April 20

What was advertised in a colonial American newspaper 250 years ago today?

Essex Journal (April 20, 1774).

“A large experience of 34 years at sea.”

Joseph Atkins took to the pages of the Essex Journal to inform the public that “he still continues to teach reading, writing, and arithmetic” in the spring of 1774.  He apparently accepted both boys and girls, though he taught them separately.  In a nota bene, he advised that he “intends to open a school for young ladies” at the end of April.

In addition to the basics of reading, writing, and arithmetic, Atkins also provide instruction in navigation “after the most approv[e]d methods.  Experience mattered to the schoolmaster, not just experience in the classroom but also experience on ships.  He asserted that his confidence in how he taught navigation to his pupils flowed from “a large experience of 34 years at sea.”  Navigation was not merely academic to Atkins but instead a practical matter, an essential part of the occupation he previously pursued.  Prospective students and their parents, he suggested, should feel similar confidence that his decades at sea prepared him to teach navigation to boys and young men who had prospects of working on vessels themselves.  Newburyport was, after all, a maritime community.

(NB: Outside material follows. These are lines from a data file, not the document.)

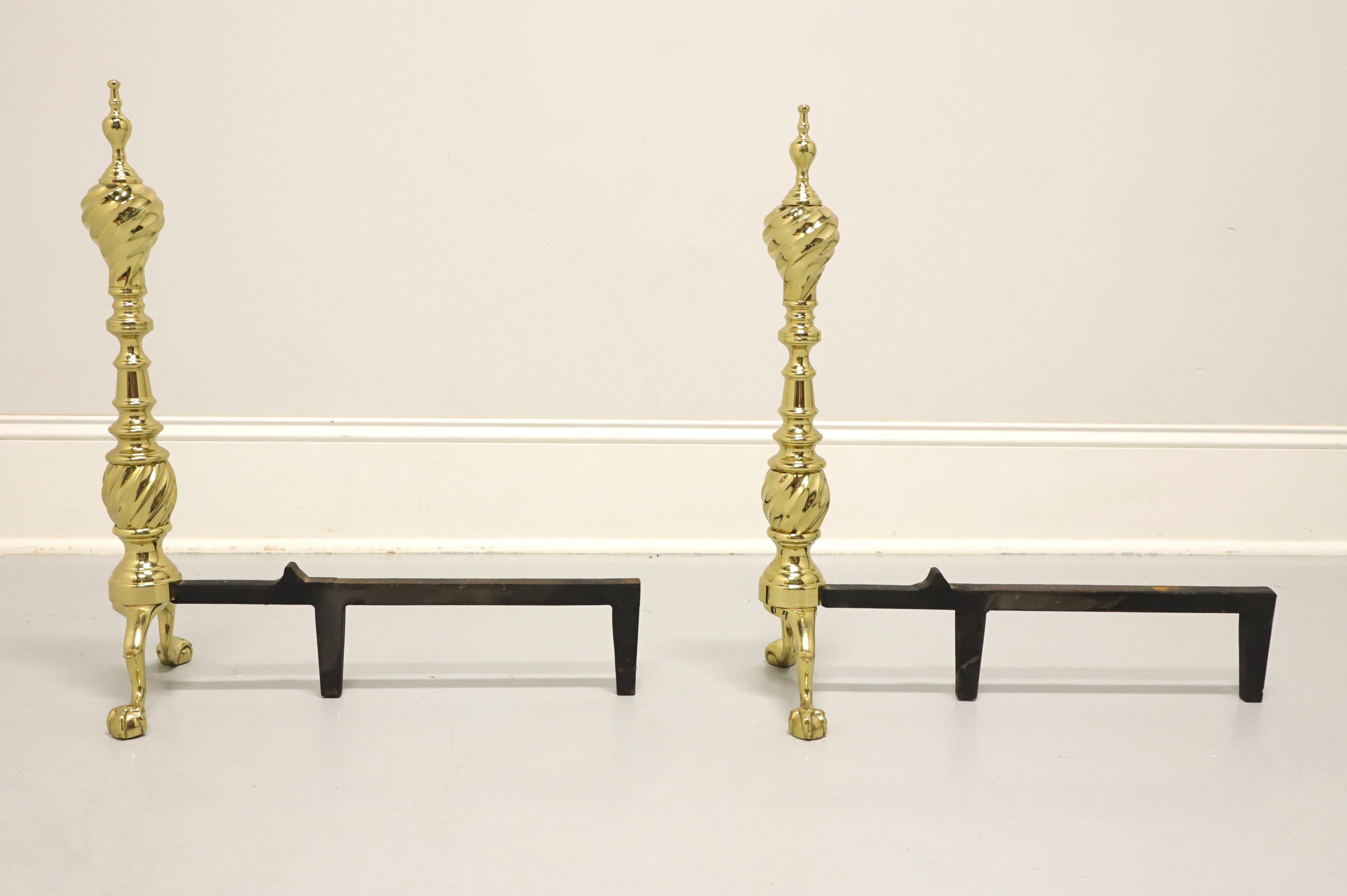 VIRGINIA METALCRAFTERS Middleton House Brass & Metal Fireplace Andirons - A In Good Condition For Sale In Charlotte, NC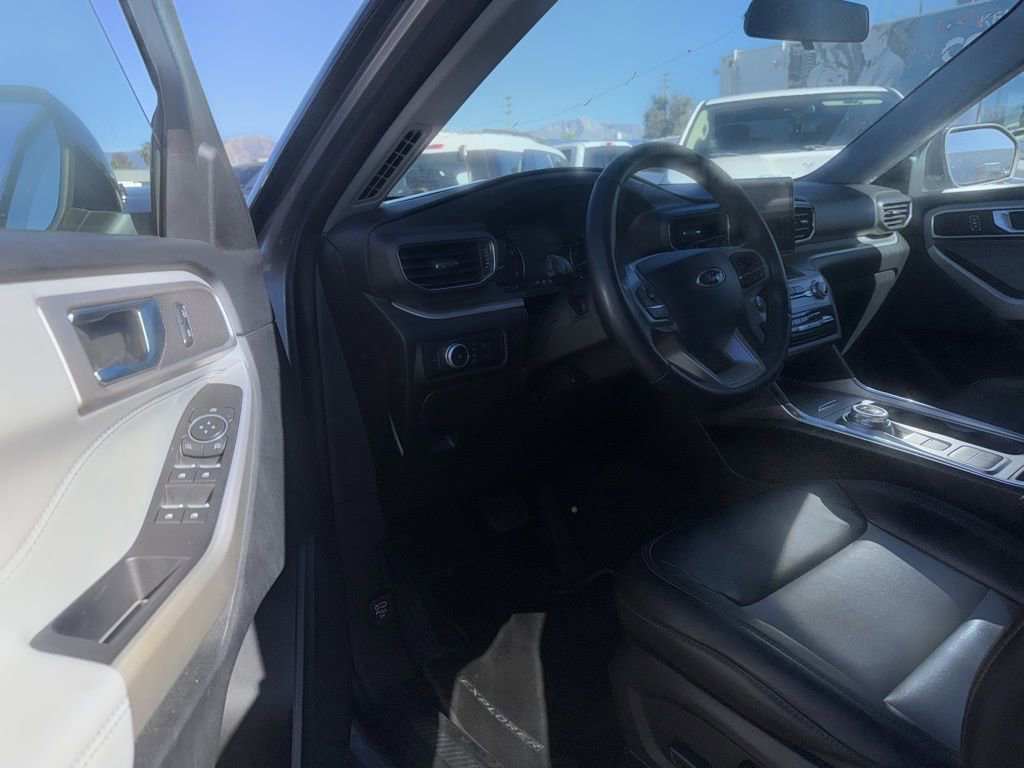 Certified 2022 Ford Explorer XLT w/ Equipment Group 202A image 6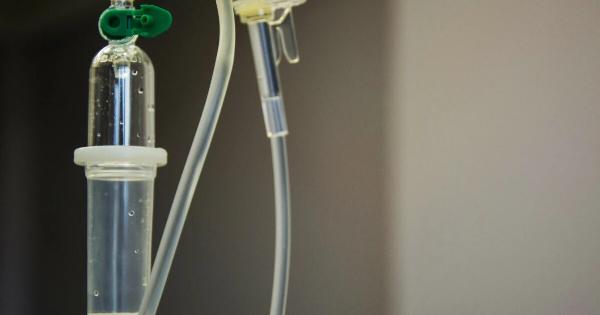 EKTAKTO: Άνδρας με xαvταϊo νοσηλεύεται στο νοσοκομείο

The placement of Atkins’s advertisement on the third page of the April 20 edition of the Essex Journal underscored that was the case.  It ran immediately below the “MARINE LIST,” a roster of ships that recently “ARRIVED” and “SAILED” from the “PORT of NEWBURY.”  A day earlier, the town welcomed the Dove from Antigua and the Newhall from Guadeloupe.  Most of the ships that departed in the past ten days made their way to the “West-Indies,” though the Larkventured to Newfoundland.  Although Atkins’s time at sea was presumably behind him, he aimed to pass along a valuable skill to young men who might join the crew of any of the vessels that visited Newburyport.  His “large experience of 34 years at sea” recommended him as a teacher as much as anything he could say about his methods of instruction.